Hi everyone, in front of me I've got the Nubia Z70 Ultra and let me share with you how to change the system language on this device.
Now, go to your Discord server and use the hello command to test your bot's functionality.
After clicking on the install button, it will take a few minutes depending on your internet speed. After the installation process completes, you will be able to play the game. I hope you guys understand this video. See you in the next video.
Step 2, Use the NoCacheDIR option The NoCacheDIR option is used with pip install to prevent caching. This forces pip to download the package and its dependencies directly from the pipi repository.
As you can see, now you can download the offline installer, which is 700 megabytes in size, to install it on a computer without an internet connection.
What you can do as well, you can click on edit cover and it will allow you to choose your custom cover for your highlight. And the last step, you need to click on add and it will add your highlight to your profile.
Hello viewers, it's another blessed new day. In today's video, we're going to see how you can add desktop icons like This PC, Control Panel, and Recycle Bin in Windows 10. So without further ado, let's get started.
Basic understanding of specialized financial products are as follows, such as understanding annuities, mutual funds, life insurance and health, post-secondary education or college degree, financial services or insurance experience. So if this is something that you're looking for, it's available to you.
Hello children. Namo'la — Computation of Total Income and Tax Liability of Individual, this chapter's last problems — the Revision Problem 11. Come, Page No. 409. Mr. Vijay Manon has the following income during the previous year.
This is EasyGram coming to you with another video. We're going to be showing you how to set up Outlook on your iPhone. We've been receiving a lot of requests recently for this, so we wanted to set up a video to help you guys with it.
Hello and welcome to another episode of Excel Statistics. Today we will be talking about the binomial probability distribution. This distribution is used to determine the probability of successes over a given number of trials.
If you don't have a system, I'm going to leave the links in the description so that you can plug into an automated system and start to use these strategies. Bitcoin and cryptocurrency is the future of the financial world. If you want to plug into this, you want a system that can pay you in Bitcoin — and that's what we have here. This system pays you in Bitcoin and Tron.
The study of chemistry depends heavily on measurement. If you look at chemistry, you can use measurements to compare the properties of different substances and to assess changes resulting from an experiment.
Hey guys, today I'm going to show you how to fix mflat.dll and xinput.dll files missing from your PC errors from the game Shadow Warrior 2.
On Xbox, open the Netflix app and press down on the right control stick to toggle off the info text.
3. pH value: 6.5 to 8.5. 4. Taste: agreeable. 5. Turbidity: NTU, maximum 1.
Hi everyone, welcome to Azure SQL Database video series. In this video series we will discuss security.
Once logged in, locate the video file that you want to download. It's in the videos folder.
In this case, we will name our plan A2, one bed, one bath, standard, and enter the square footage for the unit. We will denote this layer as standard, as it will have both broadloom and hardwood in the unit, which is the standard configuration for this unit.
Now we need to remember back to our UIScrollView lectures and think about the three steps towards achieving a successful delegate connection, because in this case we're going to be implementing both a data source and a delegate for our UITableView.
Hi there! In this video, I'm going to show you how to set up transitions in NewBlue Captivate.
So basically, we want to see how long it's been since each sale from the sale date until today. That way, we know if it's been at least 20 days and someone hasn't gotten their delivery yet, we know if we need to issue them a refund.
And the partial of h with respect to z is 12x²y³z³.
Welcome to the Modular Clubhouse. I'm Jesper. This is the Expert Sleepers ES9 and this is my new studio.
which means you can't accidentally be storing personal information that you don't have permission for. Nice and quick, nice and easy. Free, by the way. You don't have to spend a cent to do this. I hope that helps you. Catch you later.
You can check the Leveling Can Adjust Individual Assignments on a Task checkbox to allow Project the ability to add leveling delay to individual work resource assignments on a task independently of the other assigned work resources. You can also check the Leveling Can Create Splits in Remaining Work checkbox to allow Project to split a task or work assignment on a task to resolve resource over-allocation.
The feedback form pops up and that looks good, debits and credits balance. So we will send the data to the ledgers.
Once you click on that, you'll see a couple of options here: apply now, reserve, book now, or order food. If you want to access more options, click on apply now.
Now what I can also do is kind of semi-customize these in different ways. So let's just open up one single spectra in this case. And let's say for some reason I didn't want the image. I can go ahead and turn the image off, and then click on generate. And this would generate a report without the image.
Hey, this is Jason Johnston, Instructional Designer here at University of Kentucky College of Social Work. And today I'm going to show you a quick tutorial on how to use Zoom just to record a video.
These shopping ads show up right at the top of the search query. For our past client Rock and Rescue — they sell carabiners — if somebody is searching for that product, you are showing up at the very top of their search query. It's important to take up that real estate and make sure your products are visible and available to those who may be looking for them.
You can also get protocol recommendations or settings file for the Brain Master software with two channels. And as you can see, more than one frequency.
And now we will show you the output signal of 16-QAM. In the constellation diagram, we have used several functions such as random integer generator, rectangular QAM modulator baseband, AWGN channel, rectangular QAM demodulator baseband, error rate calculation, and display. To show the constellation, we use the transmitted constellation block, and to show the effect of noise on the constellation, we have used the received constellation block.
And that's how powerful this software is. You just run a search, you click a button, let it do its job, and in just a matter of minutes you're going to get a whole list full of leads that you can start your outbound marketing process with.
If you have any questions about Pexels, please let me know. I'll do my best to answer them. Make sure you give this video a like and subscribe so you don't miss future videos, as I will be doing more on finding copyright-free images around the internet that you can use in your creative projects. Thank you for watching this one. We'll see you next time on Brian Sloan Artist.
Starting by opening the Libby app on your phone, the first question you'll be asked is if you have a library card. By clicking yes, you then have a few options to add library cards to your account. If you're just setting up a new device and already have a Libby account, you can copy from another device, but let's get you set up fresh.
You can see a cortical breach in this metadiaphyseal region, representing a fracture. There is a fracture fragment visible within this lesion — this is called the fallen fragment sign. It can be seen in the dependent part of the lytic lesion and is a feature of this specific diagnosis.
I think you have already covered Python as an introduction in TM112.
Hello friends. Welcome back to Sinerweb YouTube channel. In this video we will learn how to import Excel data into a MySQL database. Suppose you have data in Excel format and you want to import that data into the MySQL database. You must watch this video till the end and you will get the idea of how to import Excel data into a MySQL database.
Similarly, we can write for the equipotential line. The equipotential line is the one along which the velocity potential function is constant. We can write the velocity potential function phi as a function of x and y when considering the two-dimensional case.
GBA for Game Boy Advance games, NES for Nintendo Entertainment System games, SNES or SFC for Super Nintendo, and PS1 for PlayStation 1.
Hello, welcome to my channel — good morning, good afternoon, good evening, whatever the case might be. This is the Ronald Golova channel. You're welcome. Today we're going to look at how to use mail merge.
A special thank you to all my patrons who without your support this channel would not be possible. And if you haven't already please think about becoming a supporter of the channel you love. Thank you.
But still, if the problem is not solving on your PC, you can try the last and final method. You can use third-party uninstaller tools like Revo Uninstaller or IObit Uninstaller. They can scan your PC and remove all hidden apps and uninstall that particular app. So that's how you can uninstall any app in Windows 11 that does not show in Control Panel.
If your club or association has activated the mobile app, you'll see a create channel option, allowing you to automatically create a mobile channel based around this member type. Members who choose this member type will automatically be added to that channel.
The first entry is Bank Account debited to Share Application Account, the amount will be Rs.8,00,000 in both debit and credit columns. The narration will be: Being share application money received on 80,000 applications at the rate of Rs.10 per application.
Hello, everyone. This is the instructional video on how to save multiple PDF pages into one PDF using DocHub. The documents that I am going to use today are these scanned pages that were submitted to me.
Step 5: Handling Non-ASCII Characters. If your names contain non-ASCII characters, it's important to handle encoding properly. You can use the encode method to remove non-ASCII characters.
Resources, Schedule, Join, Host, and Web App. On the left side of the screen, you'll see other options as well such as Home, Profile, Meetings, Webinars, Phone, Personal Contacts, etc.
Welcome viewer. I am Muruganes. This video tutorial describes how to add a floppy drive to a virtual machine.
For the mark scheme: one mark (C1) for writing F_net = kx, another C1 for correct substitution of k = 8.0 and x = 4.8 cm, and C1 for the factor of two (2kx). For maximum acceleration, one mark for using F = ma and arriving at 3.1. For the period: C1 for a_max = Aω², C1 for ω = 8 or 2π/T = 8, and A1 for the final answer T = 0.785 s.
◇ ◇ ◇
Instructions to follow — A line counts if it contains the string "different"; report how many lines in the material do, giving only the number.

Exercise output — 2